Urinary retention is an inability to completely empty the bladder. Onset can be sudden or gradual. When of sudden onset, symptoms include an inability to urinate and lower abdominal pain. When of gradual onset, symptoms may include loss of bladder control, mild lower abdominal pain, and a weak urine stream. Those with long-term problems are at risk of urinary tract infections.

Causes include blockage of the urethra, nerve problems, certain medications, and weak bladder muscles. Blockage can be caused by benign prostatic hyperplasia (BPH), urethral strictures, bladder stones, a cystocele, constipation, or tumors. Nerve problems can occur from diabetes, trauma, spinal cord problems, stroke, or heavy metal poisoning. Medications that can cause problems include anticholinergics, antihistamines, tricyclic antidepressants, cyclobenzaprine, diazepam, nonsteroidal anti-inflammatory drugs (NSAID), amphetamines, and opioids. Diagnosis is typically based on measuring the amount of urine in the bladder after urinating.

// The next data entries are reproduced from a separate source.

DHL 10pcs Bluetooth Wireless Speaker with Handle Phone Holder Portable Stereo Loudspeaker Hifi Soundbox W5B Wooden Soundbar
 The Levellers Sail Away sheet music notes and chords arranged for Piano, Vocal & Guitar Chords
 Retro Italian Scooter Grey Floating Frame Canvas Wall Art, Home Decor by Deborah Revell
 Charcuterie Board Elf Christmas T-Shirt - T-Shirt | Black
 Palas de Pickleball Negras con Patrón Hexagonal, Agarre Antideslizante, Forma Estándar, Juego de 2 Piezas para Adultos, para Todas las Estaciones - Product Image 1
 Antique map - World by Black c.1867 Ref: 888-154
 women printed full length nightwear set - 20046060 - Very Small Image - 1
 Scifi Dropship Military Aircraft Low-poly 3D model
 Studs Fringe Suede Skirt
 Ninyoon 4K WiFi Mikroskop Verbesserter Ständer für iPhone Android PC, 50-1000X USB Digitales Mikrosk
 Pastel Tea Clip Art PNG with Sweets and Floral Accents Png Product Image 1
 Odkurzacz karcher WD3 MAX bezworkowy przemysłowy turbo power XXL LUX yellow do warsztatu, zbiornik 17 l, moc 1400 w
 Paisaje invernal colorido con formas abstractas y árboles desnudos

Treatment is typically with a catheter either through the urethra or lower abdomen. Other treatments may include medication to decrease the size of the prostate, urethral dilation, a urethral stent, or surgery. Males are more often affected than females. In males over the age of 40 about 6 per 1,000 are affected a year. Among males over 80 this increases 30%.

Signs and symptoms 
Onset can be sudden or gradual. When the onset is sudden, symptoms include an inability to urinate and lower abdominal pain. When of gradual onset, symptoms may include loss of bladder control, mild lower abdominal pain, and a weak urine stream. Those with long-term problems are at risk of urinary tract infections.

Causes

Bladder
 Infection
 Detrusor sphincter dyssynergia
 Neurogenic bladder (commonly spinal cord damage, pelvic splanchic nerve damage, cauda equina syndrome,  pontine micturition or storage center lesions, demyelinating diseases or Parkinson's disease)
 Iatrogenic (caused by medical treatment/procedure) scarring of the bladder neck (commonly from removal of indwelling catheters or cystoscopy operations)
 Damage to the bladder

Prostate
 Benign prostatic hyperplasia (BPH)
 Prostate cancer and other pelvic malignancies
 Prostatitis

Penile urethra
 Congenital urethral valves
 Phimosis or pinhole meatus
 Circumcision
 Obstruction in the urethra, for example a stricture (usually caused either by injury or STD), a metastasis or a precipitated pseudogout crystal in the urine
 Pseudodyssynergia
 STD lesions (gonorrhoea causes numerous strictures, leading to a "rosary bead" appearance, whereas chlamydia usually causes a single stricture)
 Emasculation

Postoperative
Risk factors include
 Age: Older people may have degeneration of neural pathways involved with bladder function and it can lead to an increased risk of postoperative urinary retention. The risk of postoperative urinary retention increases up to 2.11 fold for people older than 60 years.
 Medications: Anticholinergics and medications with anticholinergic properties, alpha-adrenergic agonists, opiates, nonsteroidal anti-inflammatories (NSAIDs), calcium-channel blockers and beta-adrenergic agonists, may increase the risk.
 Anesthesia: General anesthetics during surgery may cause bladder atony by acting as a smooth muscle relaxant. General anesthetics can directly interfere with autonomic regulation of detrusor tone and predispose people to bladder overdistention and subsequent retention. Spinal anesthesia results in a blockade of the micturition reflex. Spinal anesthesia shows a higher risk of postoperative urinary retention compared to general anesthesia.
 Benign prostatic hyperplasia: Men with benign prostatic hyperplasia are at an increased risk of acute urinary retention.
 Surgery related: Operative times longer than 2 hours may lead to an increased risk of postoperative urinary retention 3-fold.
 Postoperative pain.

Chronic
Chronic urinary retention that is due to bladder blockage which can either be as a result of muscle damage or neurological damage. If the retention is due to neurological damage, there is a disconnect between the brain to muscle communication, which can make it impossible to completely empty the bladder. If the retention is due to muscle damage, it is likely that the muscles are not able to contract enough to completely empty the bladder.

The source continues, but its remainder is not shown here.